| INFORMATION SUPPLIED |
Start of Block

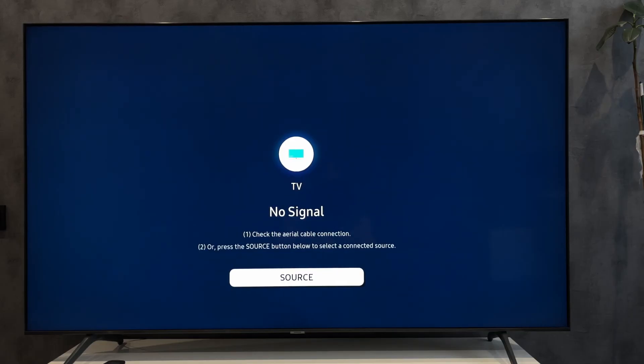Hey everybody, you are on the Geekbox YouTube channel. Today I will tell you how to use Samsung TV remote for Fire Stick. Let's go!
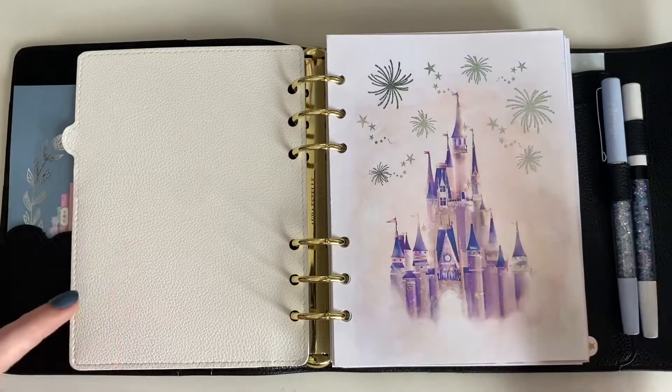This is my B6 planner — you may have seen it if you've watched my Plan With Me's and Memory Plan With Me's. This is my Oristel B6, and this is where I do all of my weeklies. I was doing functional weeklies in here and I'm now doing memory planning weeklies. I've changed my dynamic a little bit for how I use my B6, but not how I budget for what I need in it.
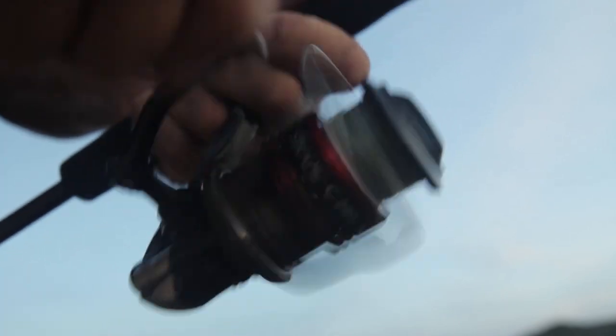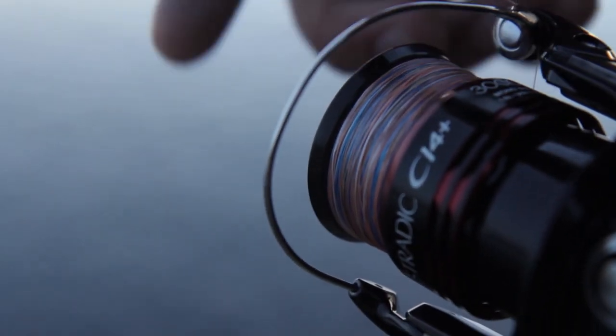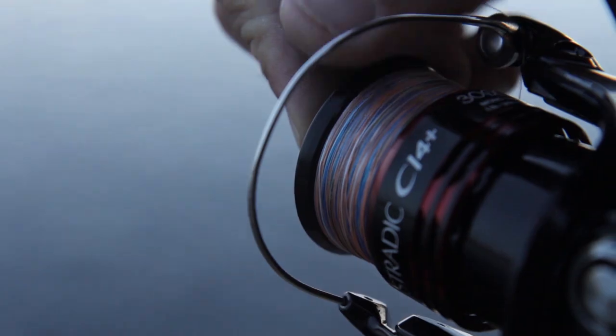The great thing about colour change braids is that you can count exactly how many metres you've wound onto the spool. The hardest part is avoiding the temptation to overfill the spool and knowing exactly when to stop. This will prevent wind knots and ensure problem-free casting.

End of Block

| TASK TO COMPLETE |
Leave out the pictures. Transcribe only the lines above, from the first through the one that contains "This is my B6".

| RESPONSE AREA |
Hey everybody, you are on the Geekbox YouTube channel. Today I will tell you how to use Samsung TV remote for Fire Stick. Let's go!
This is my B6 planner — you may have seen it if you've watched my Plan With Me's and Memory Plan With Me's. This is my Oristel B6, and this is where I do all of my weeklies. I was doing functional weeklies in here and I'm now doing memory planning weeklies. I've changed my dynamic a little bit for how I use my B6, but not how I budget for what I need in it.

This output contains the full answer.